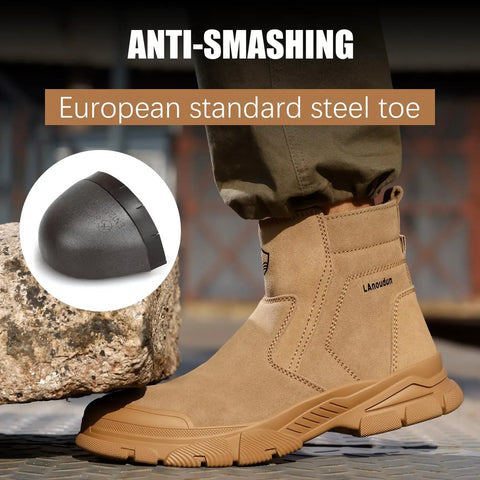 Indestructible Steel Toe Work Boots For Men Welding Construction With Zipper Laceless Design Spark Resistant Suede Leather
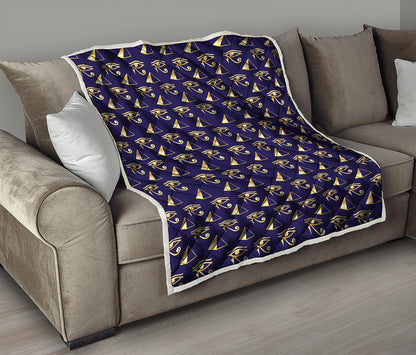 Egypt Eye Of Horus Pattern Print Quilt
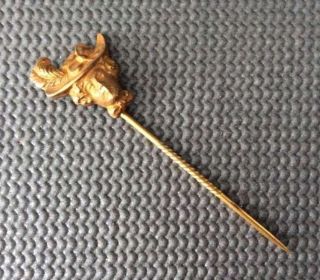 Antique Victorian Relief Of A Lady Wearing A Hat Gold Filled Stick Pin / Scarf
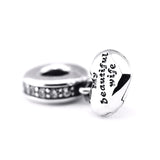 Wife Heart Charms Bracelet 925 Silver CZ Jewelry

--------

# EXERCISE OBJECTIVE
Please output the listing above in full, exactly as given, without its images.

# FINISHED TASK
 Indestructible Steel Toe Work Boots For Men Welding Construction With Zipper Laceless Design Spark Resistant Suede Leather
 Egypt Eye Of Horus Pattern Print Quilt
 Antique Victorian Relief Of A Lady Wearing A Hat Gold Filled Stick Pin / Scarf
 Wife Heart Charms Bracelet 925 Silver CZ Jewelry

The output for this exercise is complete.